### Work to be completed
Copy task, pictures excluded: set down exactly the lines from the one containing "To start the" to the end of the data below.

### Saved entries
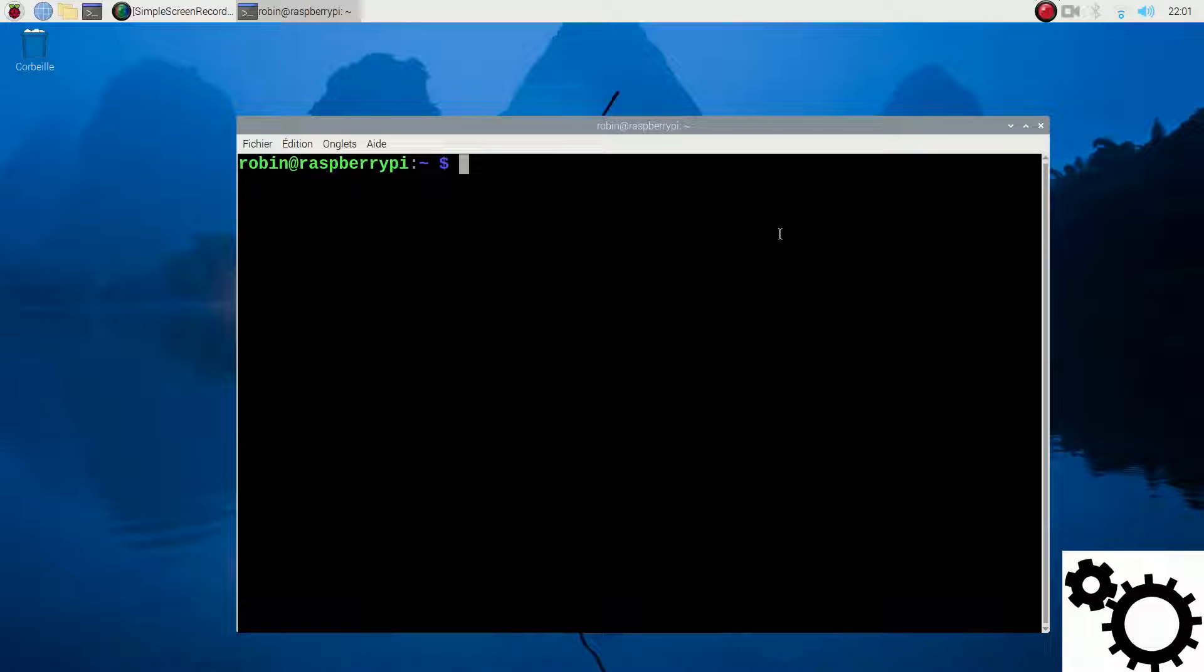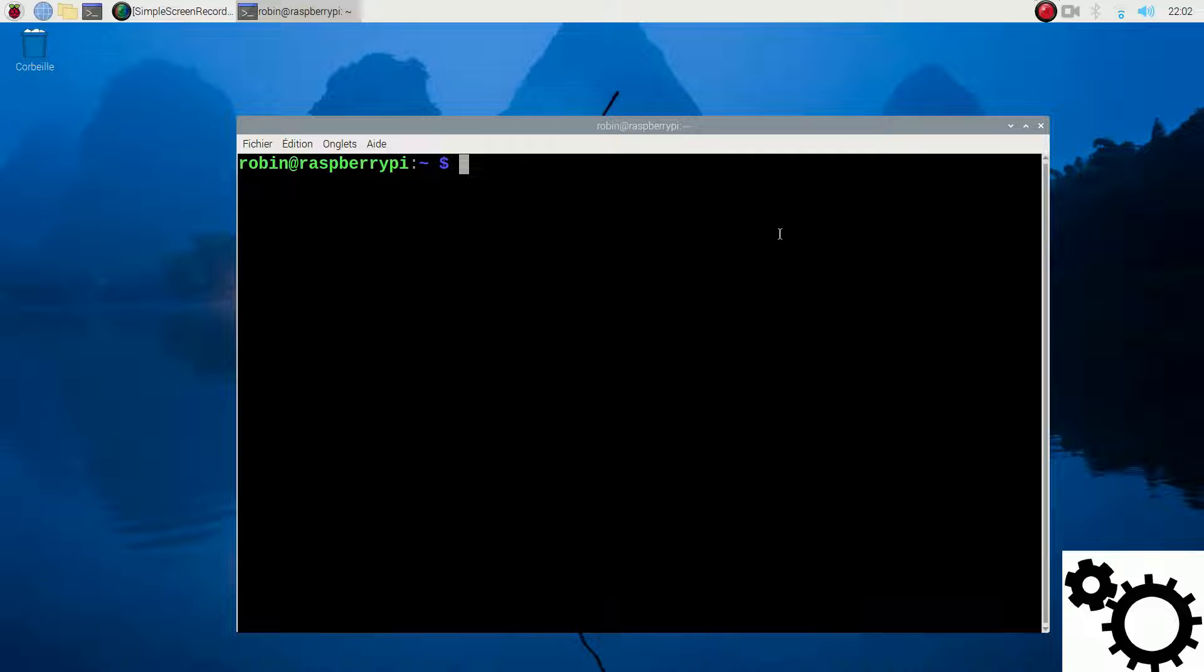Now I'm going to show you how to switch between X11 and Wayland. On your terminal, you can enter sudo-raspy-config.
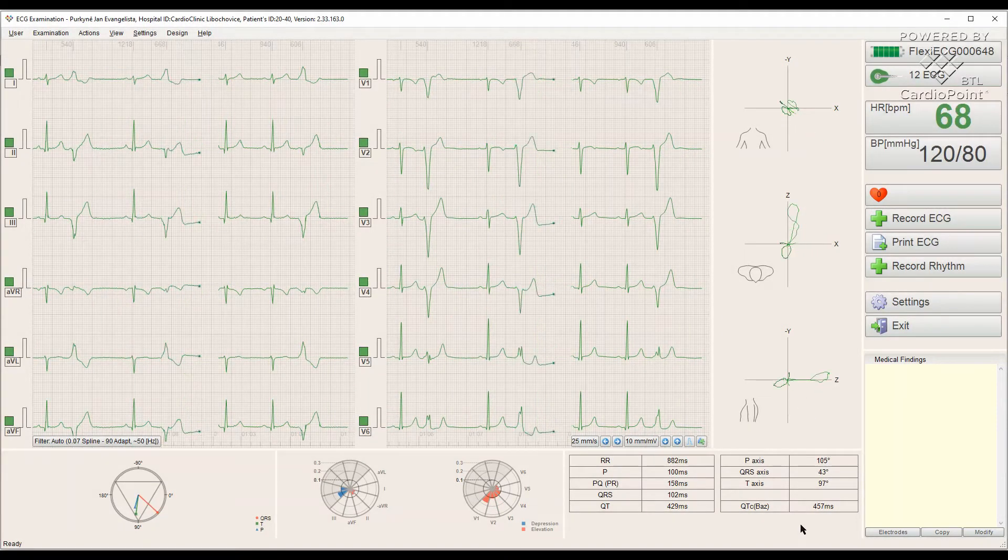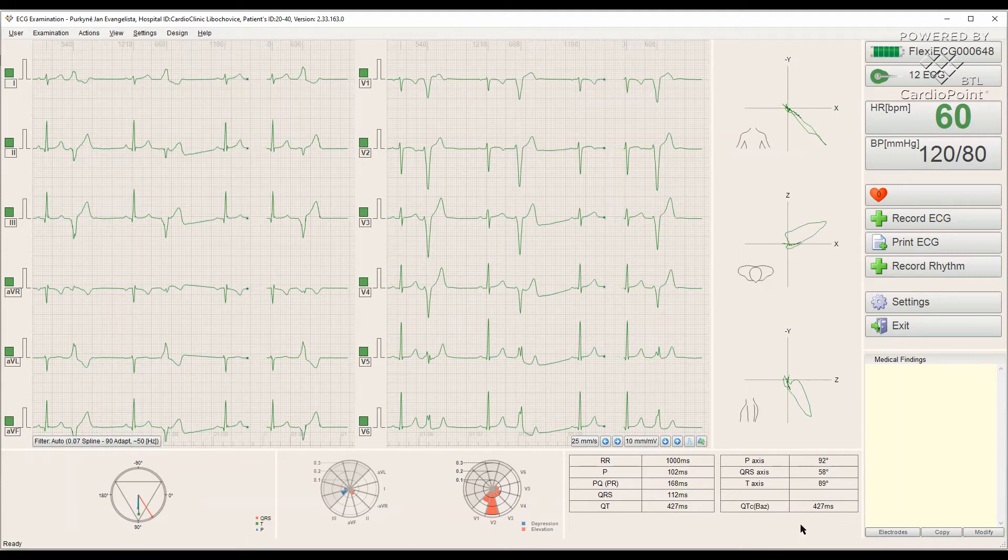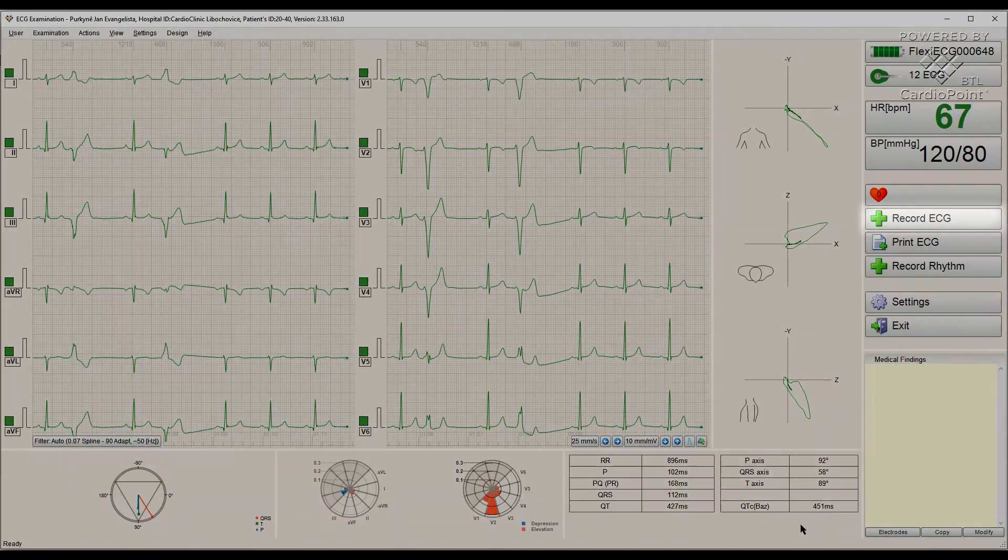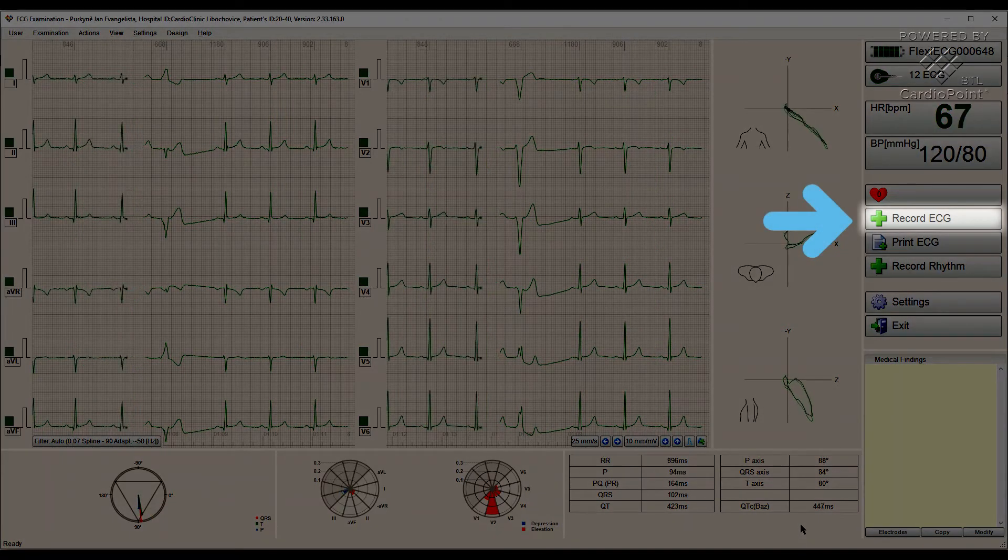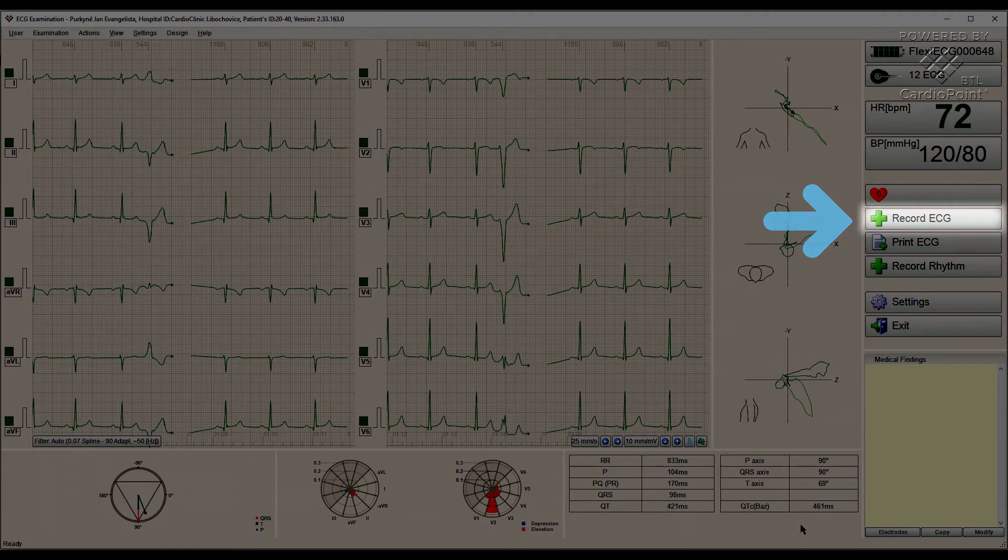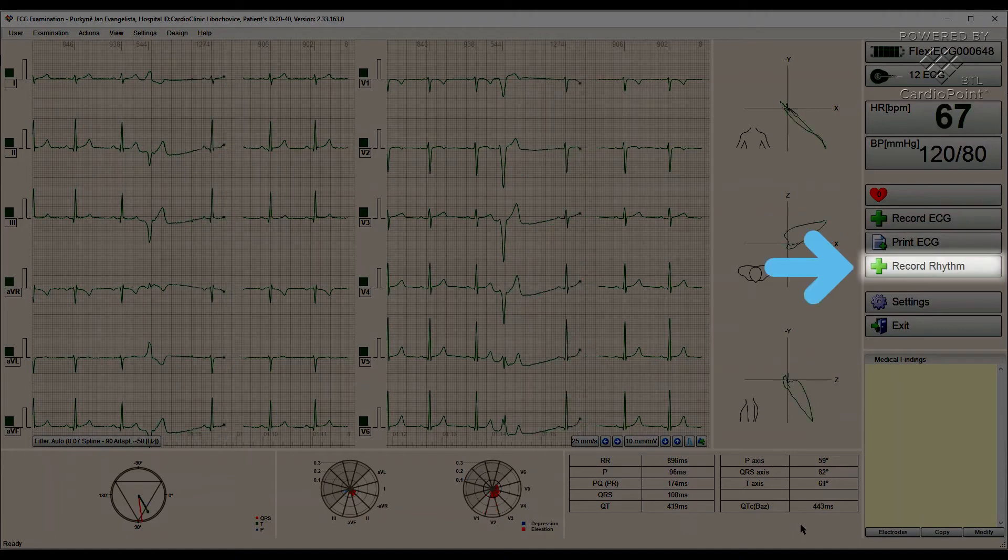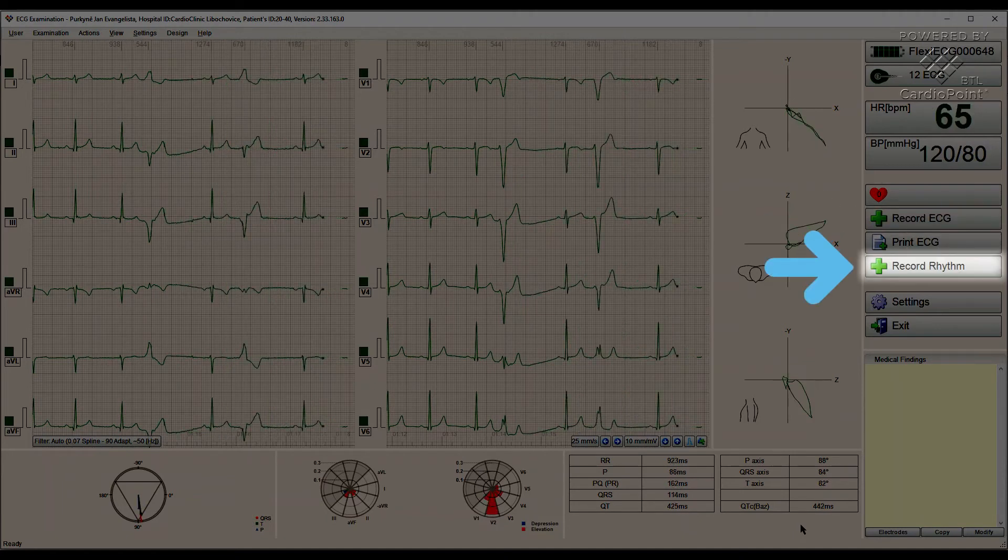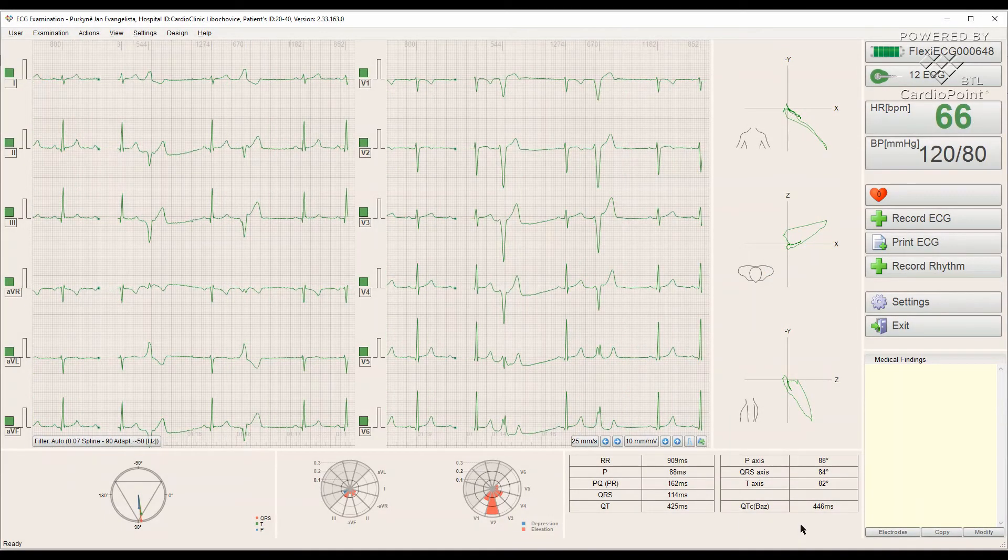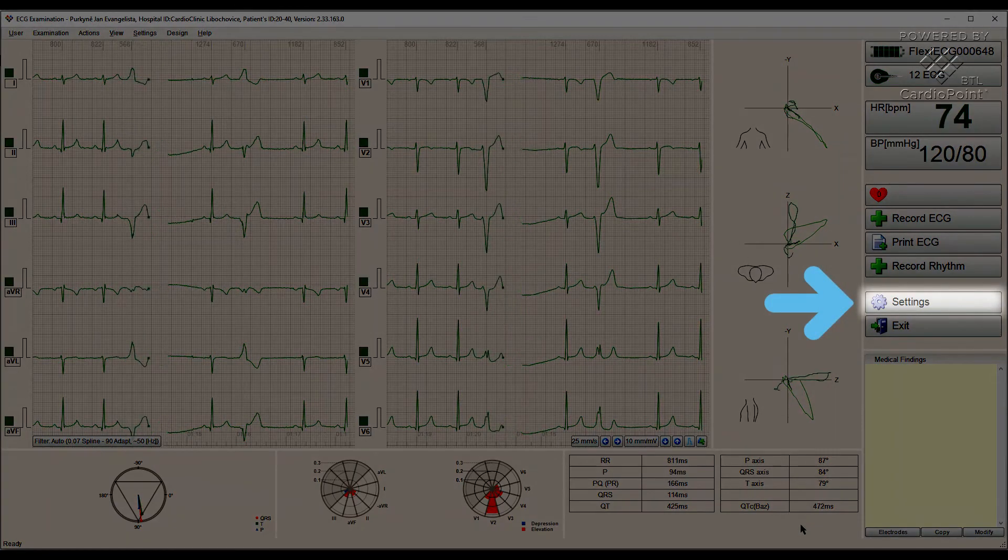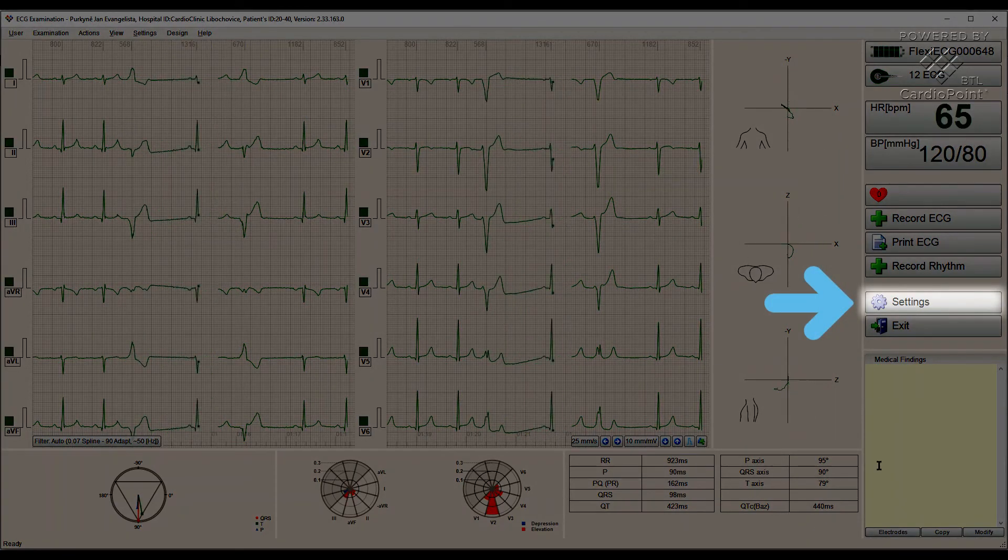To start the ECG recording, we have two main options. Record ECG signal as a standard 10 seconds ECG measurement or record rhythm. The duration of the rhythm ECG can be changed in settings if needed.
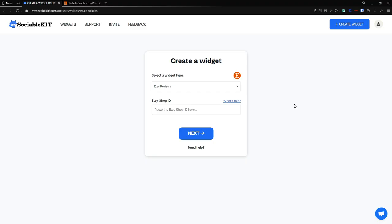First, in here, I have already selected our widget type and now it says here that we have to put our Etsy shop ID. So what is our Etsy shop ID and how can we find it? You can find it by clicking this 'Watch This' button which will redirect you to the step-by-step instruction on how to find it. In this video, I'm also going to show you.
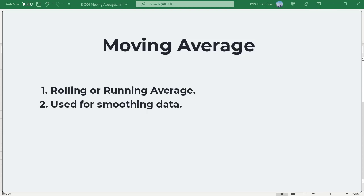A moving average, also called the rolling average or running average, is an average based on subsets of data at given intervals.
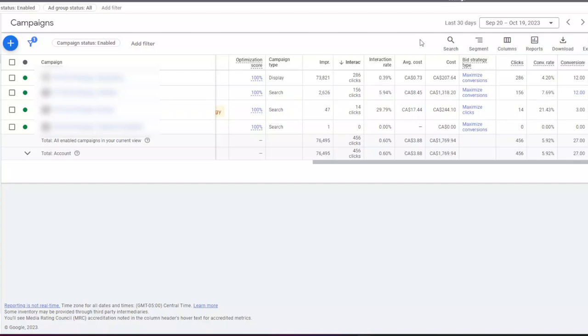When you log into your Google Ads account, probably the first thing you're going to check is looking at the numbers and data in your campaign page.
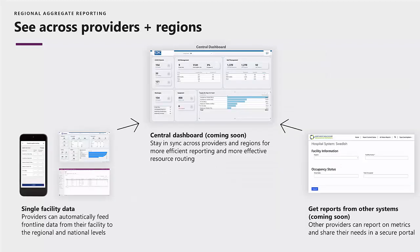When dealing with a crisis such as COVID-19, it's understood that there's an importance for organizations to be able to share data about the crisis and use that to help make informed decisions at the regional and national level.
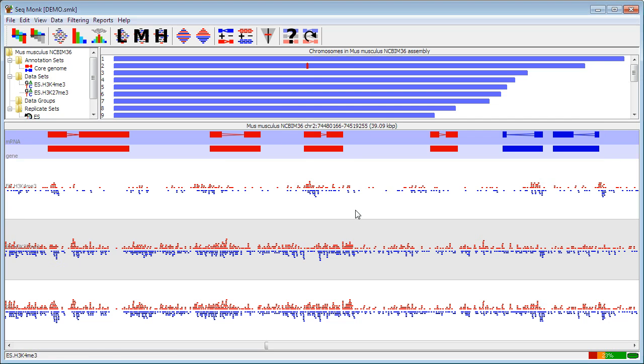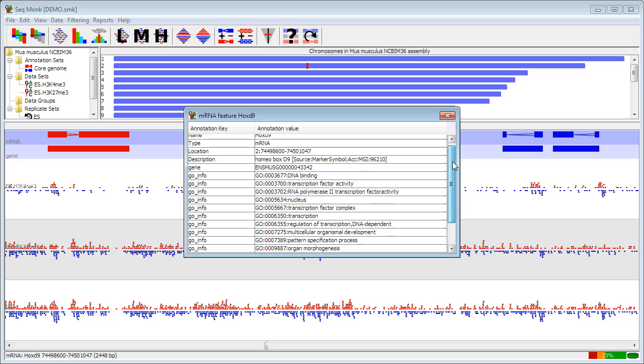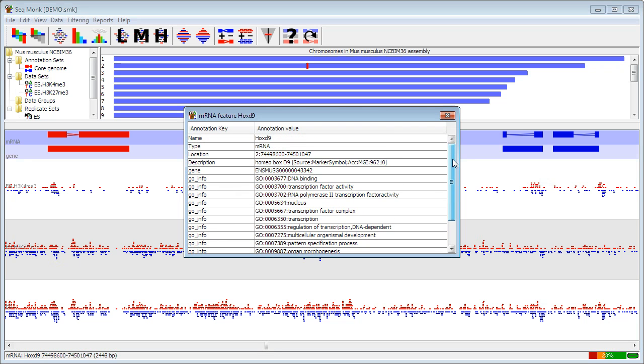For any feature that you see in the display, if you want more information about it you can simply double click on the feature. And it will bring up a box showing all of the different annotations that that feature has. Any of the annotations that you see in here are searchable with the find tool.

### Result of this task
To start the ECG recording, we have two main options. Record ECG signal as a standard 10 seconds ECG measurement or record rhythm. The duration of the rhythm ECG can be changed in settings if needed.
First, in here, I have already selected our widget type and now it says here that we have to put our Etsy shop ID. So what is our Etsy shop ID and how can we find it? You can find it by clicking this 'Watch This' button which will redirect you to the step-by-step instruction on how to find it. In this video, I'm also going to show you.
A moving average, also called the rolling average or running average, is an average based on subsets of data at given intervals.
When you log into your Google Ads account, probably the first thing you're going to check is looking at the numbers and data in your campaign page.
When dealing with a crisis such as COVID-19, it's understood that there's an importance for organizations to be able to share data about the crisis and use that to help make informed decisions at the regional and national level.
For any feature that you see in the display, if you want more information about it you can simply double click on the feature. And it will bring up a box showing all of the different annotations that that feature has. Any of the annotations that you see in here are searchable with the find tool.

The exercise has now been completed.